But on Sunday, a senior Syrian Kurdish official said Kurdish forces and the Syrian government had reached a deal for the Syrian army to enter Afrin, and that it could be implemented within two days.

All deals between the Syrian government and the Kurds, which each hold more territory than any other side in Syria, are closely watched because they could prove pivotal for the future course of the war.

While President Bashar al-Assad’s government and the YPG espouse different visions for Syria’s future and their forces have clashed at times, they have mostly avoided direct conflict.

“Popular forces will arrive in Afrin in the next few hours to support the steadfastness of its people in confronting the aggression,” state news agency SANA reported, citing its correspondent in Aleppo, 35 kilometers (22 miles) from Afrin.

Badran Jia Kurd, an adviser to the Kurdish-led autonomous administration that runs swathes of northern Syria, told Reuters Syrian army troops would deploy along some border positions under the deal between the Kurds and the government.

The deal was only on military aspects and any political or other agreements would have to wait for further negotiations between Damascus and the Kurdish administration, he said.

There was some opposition to the deal that could stand in its way, he added.

Turkish Foreign Minister Mevlut Cavusoglu said on Monday: “If the regime is entering there to cleanse the PKK and PYD, then there are no problems.” The PKK is the Kurdish group mounting an insurgency in Turkey. The PYD is an influential Syrian Kurdish political party.

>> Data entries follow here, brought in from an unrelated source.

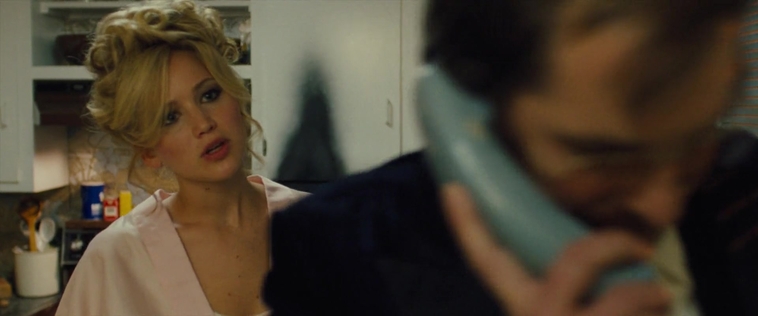 American_Hustle_2013_28106829.jpg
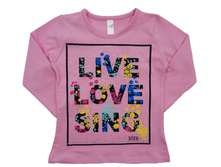 200 ����� ���� 150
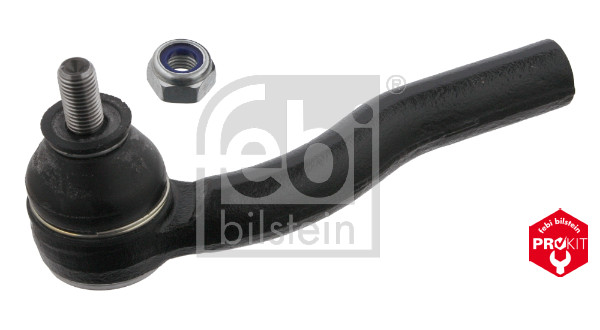 Tie Rod End - 12474 FEBI BILSTEIN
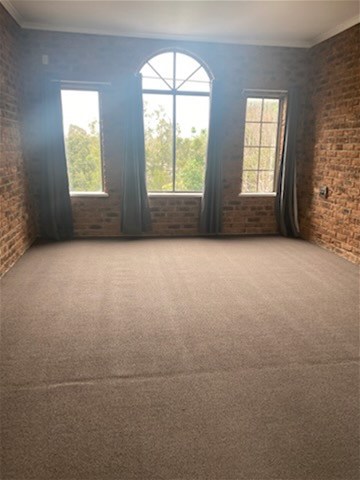 127/325 Nepean Hwy, Frankston, VIC 3199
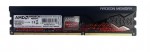 Оперативная память AMD Radeon R5 Entertainment Series 8GB DDR3 1600 МГц DIMM CL11 R5S38G1601U2S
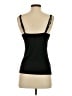 Jessica Simpson Black Tank Top Size S - photo 2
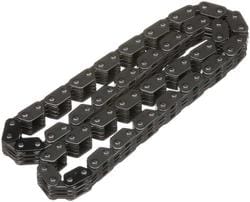 Cloyes Timing Chain  image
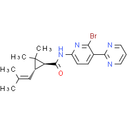 BRD-8000.3 - CAS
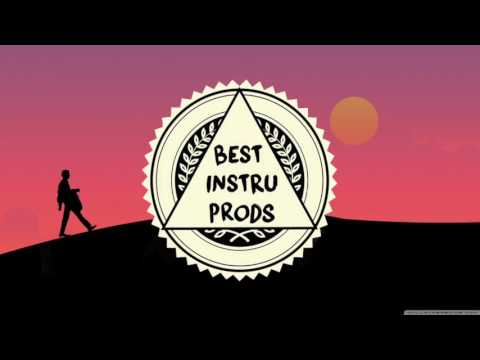 "Break The System" Instrumental Rap Old School Eccentric Hip Hop - Prod.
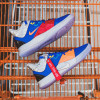 Nike PG 3 x NASA ''NASA Blue''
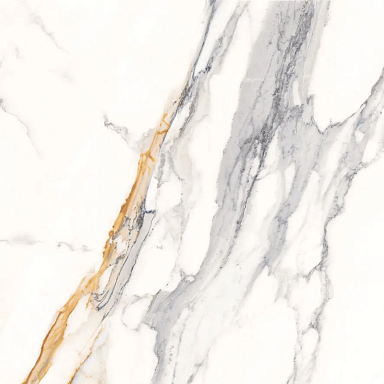 Керамогранит Imola Ceramica Calacatta Gold 60 RM 60x60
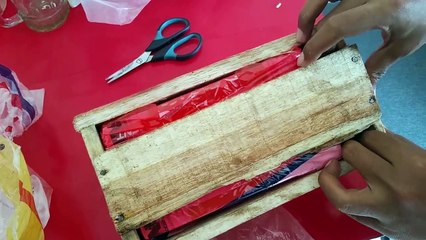 Unboxing ray-ban wayfarer clásico RB2140 901 / 58 54 mm wayfarer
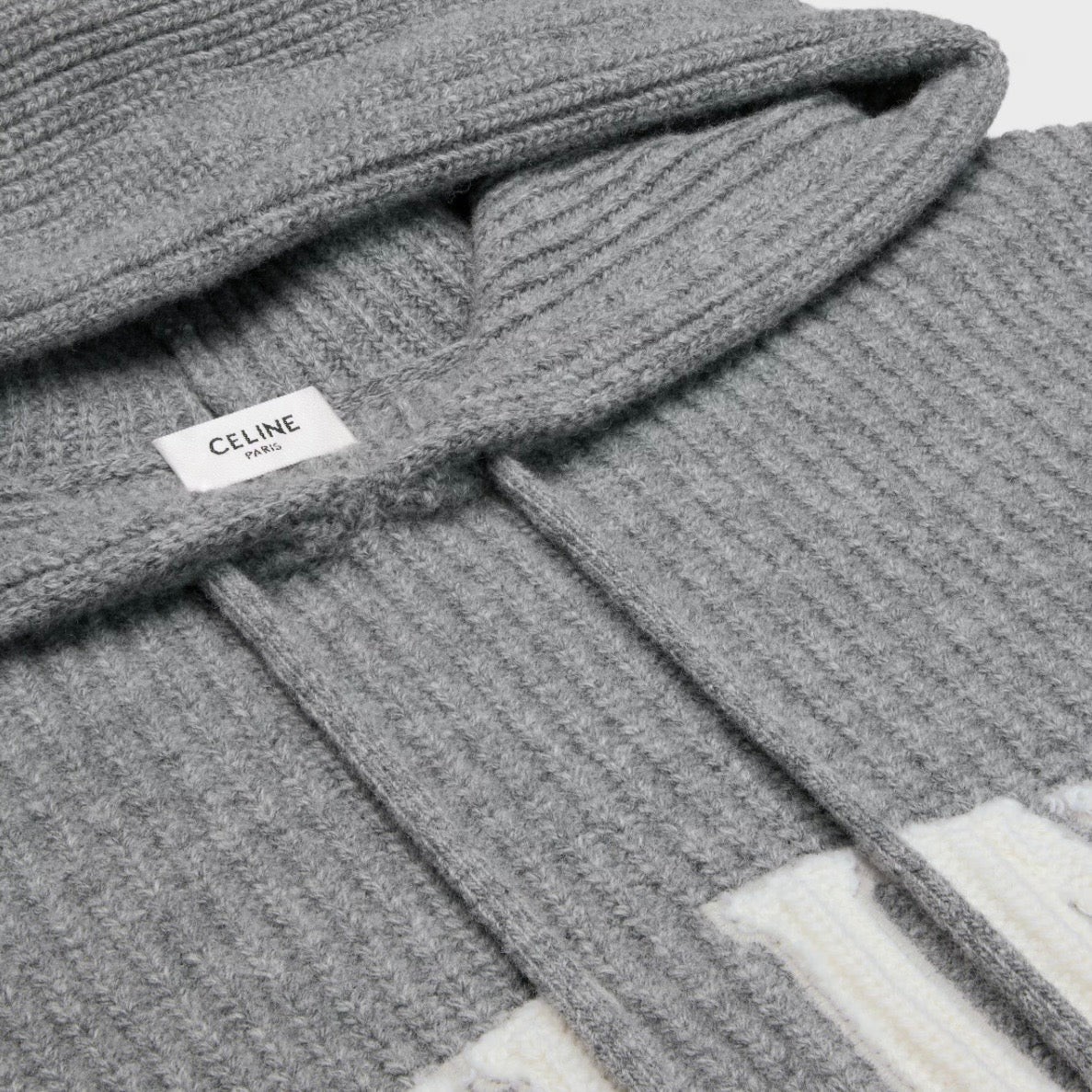 Celin* vvhoodie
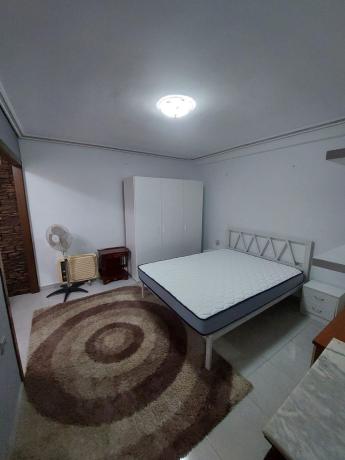Sale of flat in Piso en Calle de Donoso Cortés, 24, Carolinas Bajas, Alicante / Alacant, Alicante
thumbnail 2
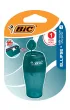 Bic Temper�wka Sharpener Ellipse 1 otw�r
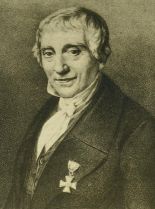 Georg Friedrich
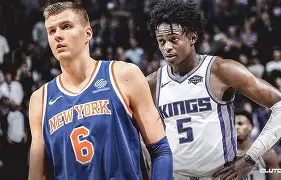 九游手游下载-萨克拉门托国王围绕CBA常规赛伤情更新莱万多夫斯基与30激战西班牙队分钟，金州勇士围绕NBA总决赛止住颓势瞬间刷屏的简单介绍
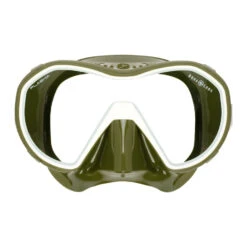 AQUALUNG Masque PLAZMA 31 AQUALUNG Masque PLAZMA -AQUALUNG Soldes Boutique AQUALUNG Masque PLAZMA 1 MS39311X 12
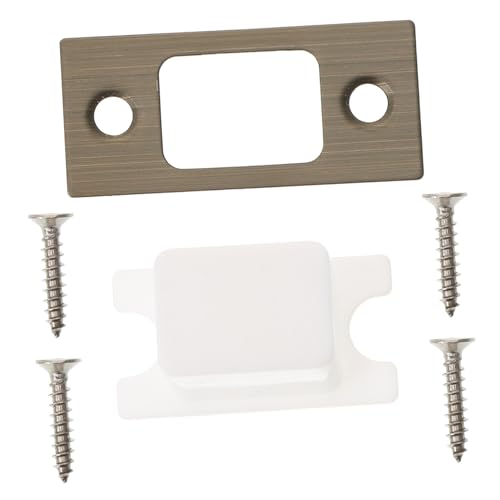 Frcolor ؐhAp^hAXgCNv[g fbh{gKCh ϋv̑ hA⋭pNXgCNv[g AeB[N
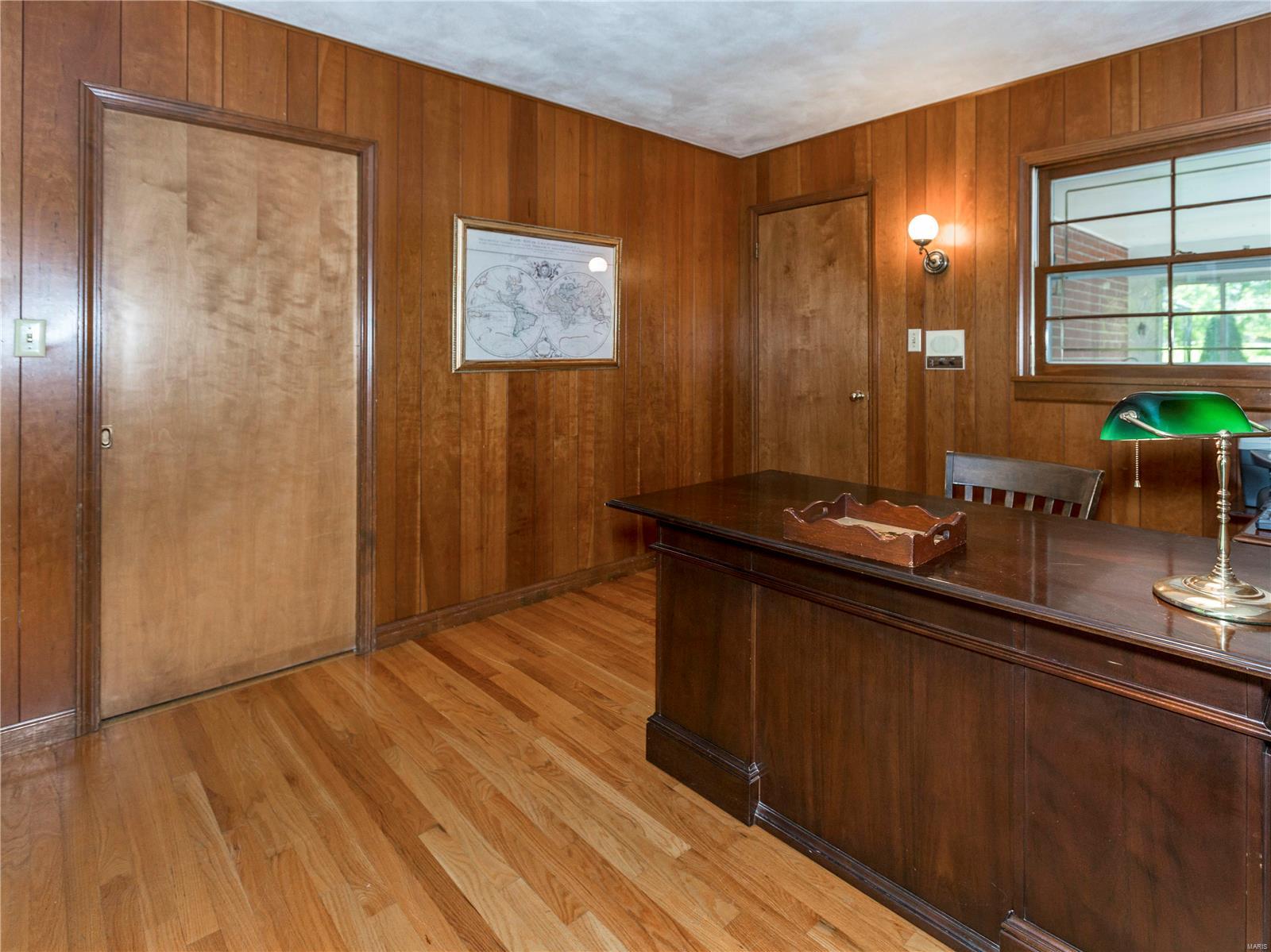 311 Ridgemont Road Collinsville, IL 62234 - Photo 24 of 43 Gallery Image 24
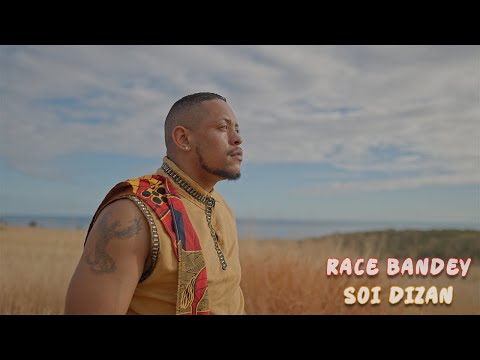 Race Bandey Maloya - Clip "Soi Dizan"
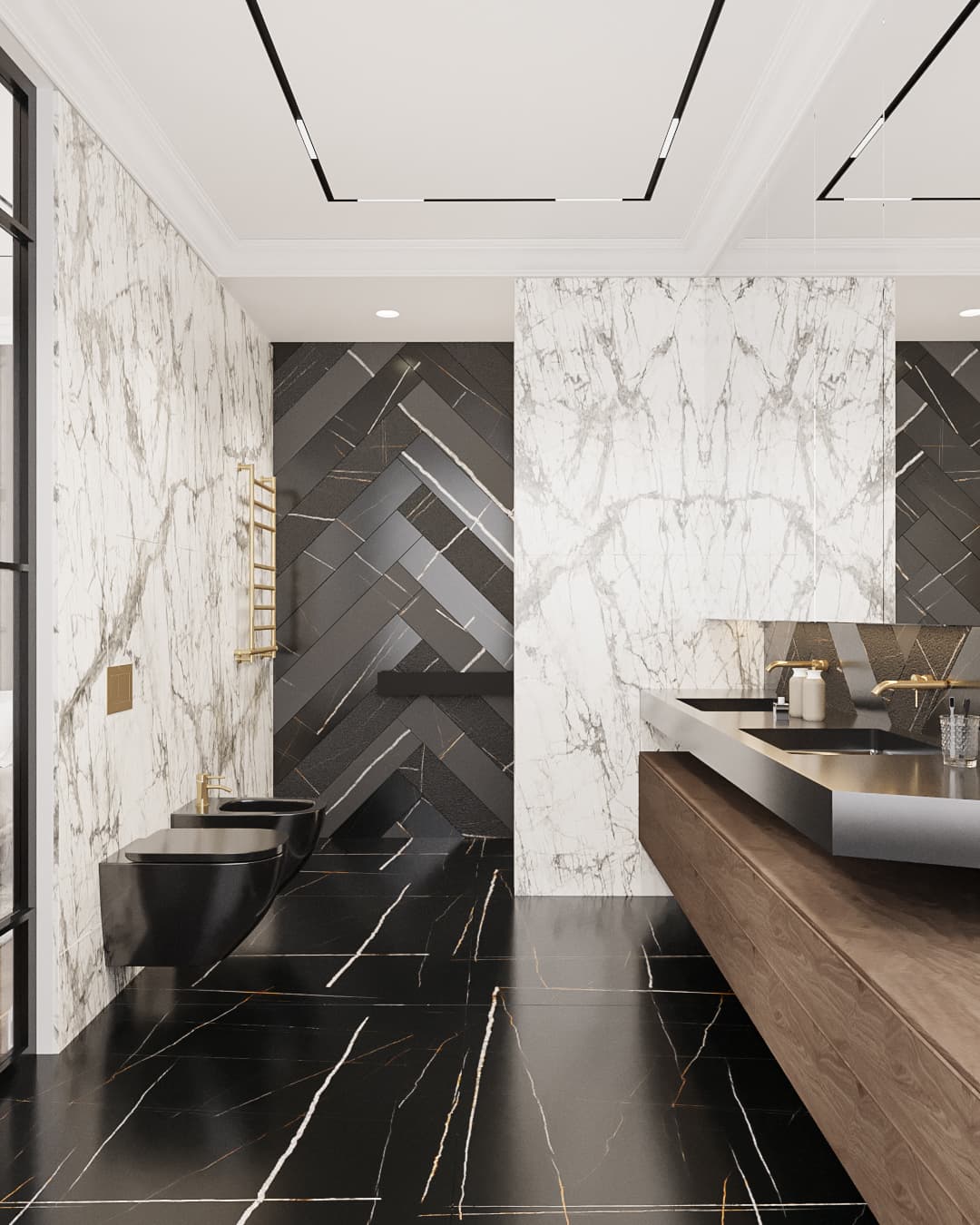 INTERJERAS ‘BUTTERFLY’ - 036.jpg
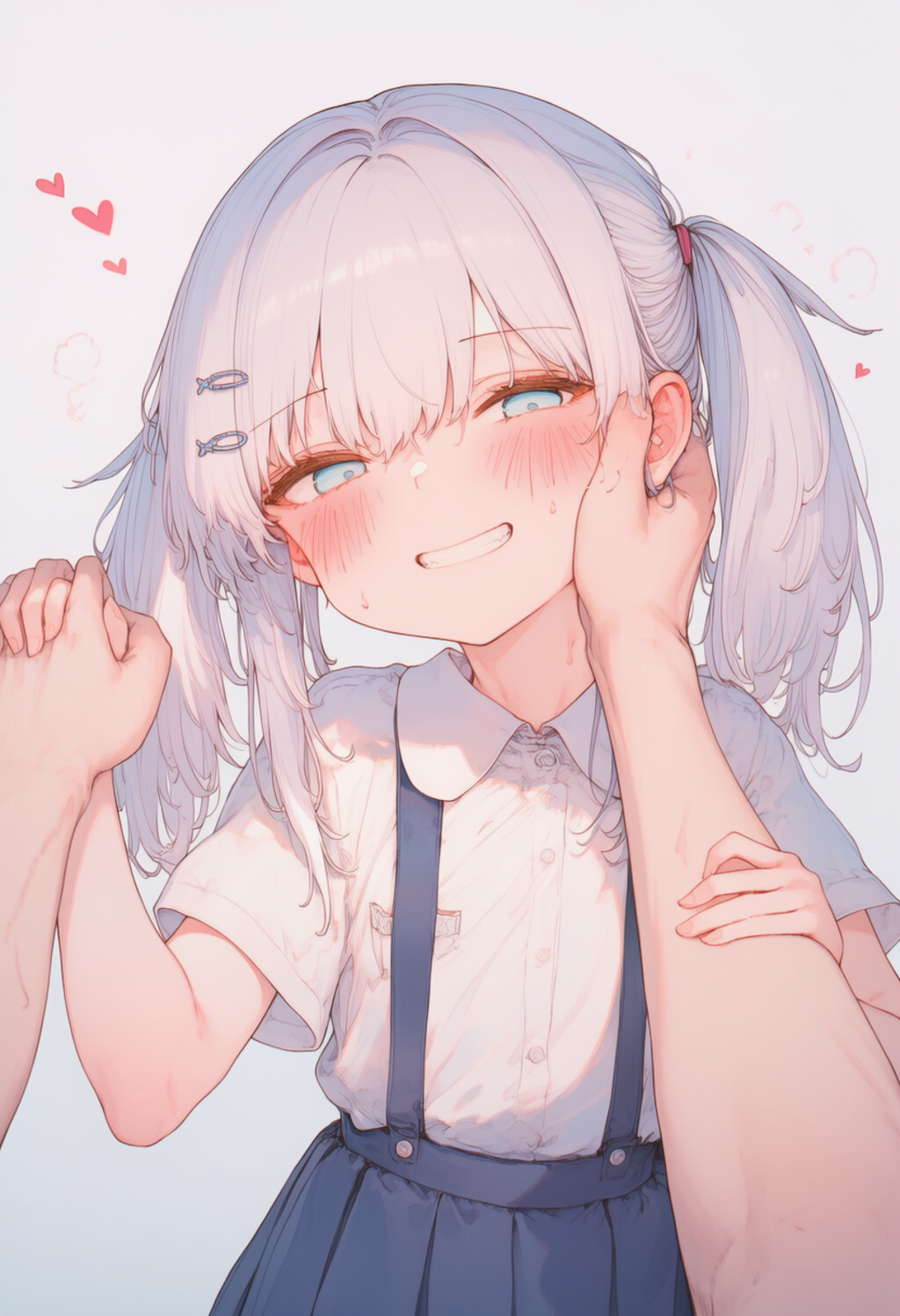 お肌もちもち○学生_0525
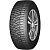 Avatyre Freeze 175/65 R14 82Q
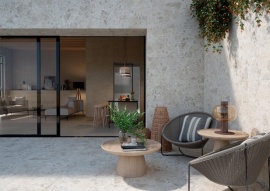 Caracter MARAZZI Italy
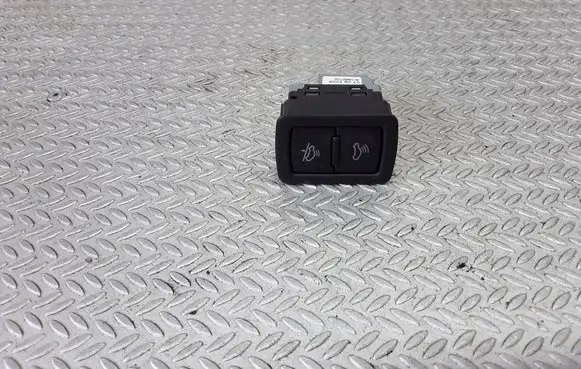 Audi A3 S3 A3 Sportback 8P Alarm switch 4F0959527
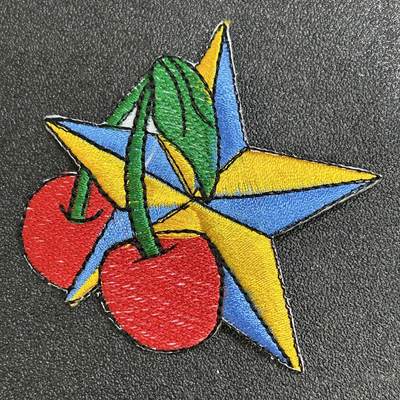 西秦中古拍卖第七十三期 - 乌克兰臂章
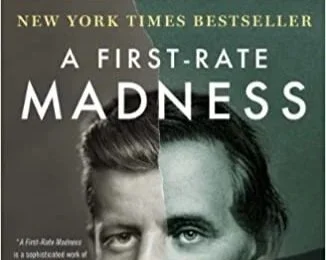 FRM+book+image+bestseller.jpg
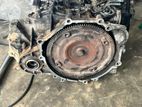 hyundai sonata gear box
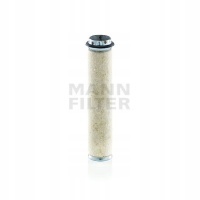 фильтр воздуха mann - filter toyota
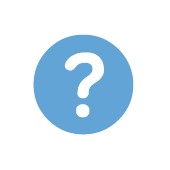http://mjorgenson.themlsonline.com/minnesota-real-estate/media/www/home/images/question.png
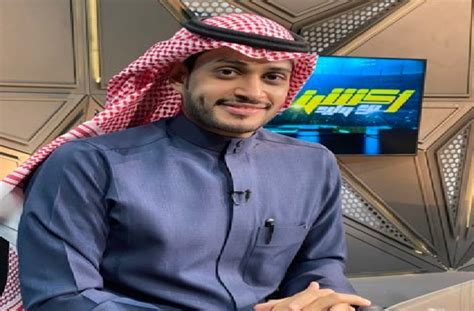 الغامدي ينشر تغريدة عن لاعب النصر كونان المرصد الرياضية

But, speaking at a news conference in Jordan, he added: “If it comes in to defend the YPG, then nothing and nobody can stop us or Turkish soldiers.”

The Afrin offensive has put strains on the complex ties between the warring sides in northern Syria and their external supporters.

Turkey’s NATO ally the United States has armed the YPG as part of an alliance it backs in Syria against Islamic State, causing widespread anger in Ankara.

But while Washington has a military presence in the much larger swathes of Syria that the YPG and its allies control further east, it has not given support to the YPG in Afrin.

This month the United States said it had killed hundreds of pro-government troops in strikes in eastern Syria because they were attacking the alliance of militias of which the YPG is a major part.

The Syrian government was not immediately available for comment on Monday.